Wo finde ich die Foren in denen die beiden anderen Themen behandelt werden?


----------



## Aka-Aka (31 Juli 2012)

Paulchen Panther schrieb:


> Wo finde ich die Foren in denen die beiden anderen Themen behandelt werden?


Hmm. Die finde ich selbst nicht. Aber ich bin mir sicher, dass es sich um eine Firma handelt, die man bei den Kollegen von Antispam kennt
http://antispam-ev.de/forum/

*auf jeden Fall das Geld wieder holen* (Rückbuchung)
(kann bitte mal jmd einen passenden Link setzen?)


----------



## Paulchen Panther (31 Juli 2012)

Das heißt aber, daß c4u nur ein Teil des Namens von Gewinn direkt 24.at ist.

Und diese Typen sitzen in Pananma.

Irgendwer muß ja das Konto in Deutschland eröffnet haben, von dem aus der Einzug gemacht wurde. Und dabei müssen die ja richtige Namen verwendet haben. Auch Adressen müßten dann ja vorhanden sein. Und Ausweiskopien ebenfalls.

Was werden die wohl unternehmen, nachdem das Geld zurückgeholt wurde.


----------



## Goblin (31 Juli 2012)

> Was werden die wohl unternehmen, nachdem das Geld zurückgeholt wurde


 
Das
http://www.kalletaler-dreieck.de/

So funzt das Ganze
http://www.netzwelt.de/forum/477196-post87.html


----------



## Aka-Aka (31 Juli 2012)

Vergiss Panama. Wenn das die von mir verlinkten Leute sind, sollte man durchaus in Erwägung ziehen, den Vorfall anzuzeigen - und zwar mit einem Link hierher. Schick mir bitte morgen die Bankdaten, ok?


Paulchen Panther schrieb:


> Und diese Typen sitzen in Pananma.


Nein


> Irgendwer muß ja das Konto in Deutschland eröffnet haben, von dem aus der Einzug gemacht wurde. Und dabei müssen die ja richtige Namen verwendet haben. Auch Adressen müßten dann ja vorhanden sein. Und Ausweiskopien ebenfalls.
> Was werden die wohl unternehmen, nachdem das Geld zurückgeholt wurde.

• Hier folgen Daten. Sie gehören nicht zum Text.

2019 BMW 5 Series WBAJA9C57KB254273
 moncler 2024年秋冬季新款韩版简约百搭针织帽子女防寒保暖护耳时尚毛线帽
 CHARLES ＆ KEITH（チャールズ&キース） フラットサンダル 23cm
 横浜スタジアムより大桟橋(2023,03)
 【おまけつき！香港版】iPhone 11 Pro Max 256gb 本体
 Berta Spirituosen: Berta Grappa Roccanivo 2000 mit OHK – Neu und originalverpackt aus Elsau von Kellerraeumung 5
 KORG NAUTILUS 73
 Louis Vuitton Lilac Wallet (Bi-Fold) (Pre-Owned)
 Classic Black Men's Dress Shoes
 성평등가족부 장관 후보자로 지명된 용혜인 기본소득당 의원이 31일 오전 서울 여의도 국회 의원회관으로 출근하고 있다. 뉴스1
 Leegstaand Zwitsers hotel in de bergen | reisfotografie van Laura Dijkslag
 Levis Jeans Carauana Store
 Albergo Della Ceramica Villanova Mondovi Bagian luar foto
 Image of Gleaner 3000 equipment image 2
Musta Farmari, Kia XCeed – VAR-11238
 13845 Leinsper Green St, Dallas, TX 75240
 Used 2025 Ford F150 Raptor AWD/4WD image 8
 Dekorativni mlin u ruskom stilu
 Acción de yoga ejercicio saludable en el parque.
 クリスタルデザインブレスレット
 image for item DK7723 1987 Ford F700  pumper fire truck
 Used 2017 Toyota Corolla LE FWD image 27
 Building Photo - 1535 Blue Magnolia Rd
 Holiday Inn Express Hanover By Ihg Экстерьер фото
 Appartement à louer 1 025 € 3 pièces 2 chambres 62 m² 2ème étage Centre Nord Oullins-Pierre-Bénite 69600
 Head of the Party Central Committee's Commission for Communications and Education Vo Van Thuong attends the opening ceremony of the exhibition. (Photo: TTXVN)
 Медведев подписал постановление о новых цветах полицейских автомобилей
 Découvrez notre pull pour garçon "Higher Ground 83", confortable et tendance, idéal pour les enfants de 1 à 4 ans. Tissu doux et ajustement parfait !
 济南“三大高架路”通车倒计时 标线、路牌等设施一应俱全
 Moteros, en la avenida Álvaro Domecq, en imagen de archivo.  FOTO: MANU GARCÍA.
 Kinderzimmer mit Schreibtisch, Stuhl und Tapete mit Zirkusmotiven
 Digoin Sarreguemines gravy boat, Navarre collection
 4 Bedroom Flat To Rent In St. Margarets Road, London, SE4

Was wird die Staatsanwaltschaft unternehmen, wenn Du das anzeigst?

_[unnötige investigative Verrenkung gelöscht]_


----------



## Paulchen Panther (31 Juli 2012)

Ja, das ist gut.

Papier ist geduldig. Die können schreiben so viel sie wollen.

Gibt es sonst noch hier jemanden, bei dem sie abgebucht haben?


----------



## Paulchen Panther (31 Juli 2012)

Kontodaten schicke ich Dir morgen. Aber wie nutze ich "Unterhaltung"

Spricht etwas dagegen die Kontonummer hier öffentlich zu machen, damit jeder Bescheid weiß falls die unter einem anderen Namen abbuchen?


----------



## Aka-Aka (31 Juli 2012)

Paulchen Panther schrieb:


> Gibt es sonst noch hier jemanden, bei dem sie abgebucht haben?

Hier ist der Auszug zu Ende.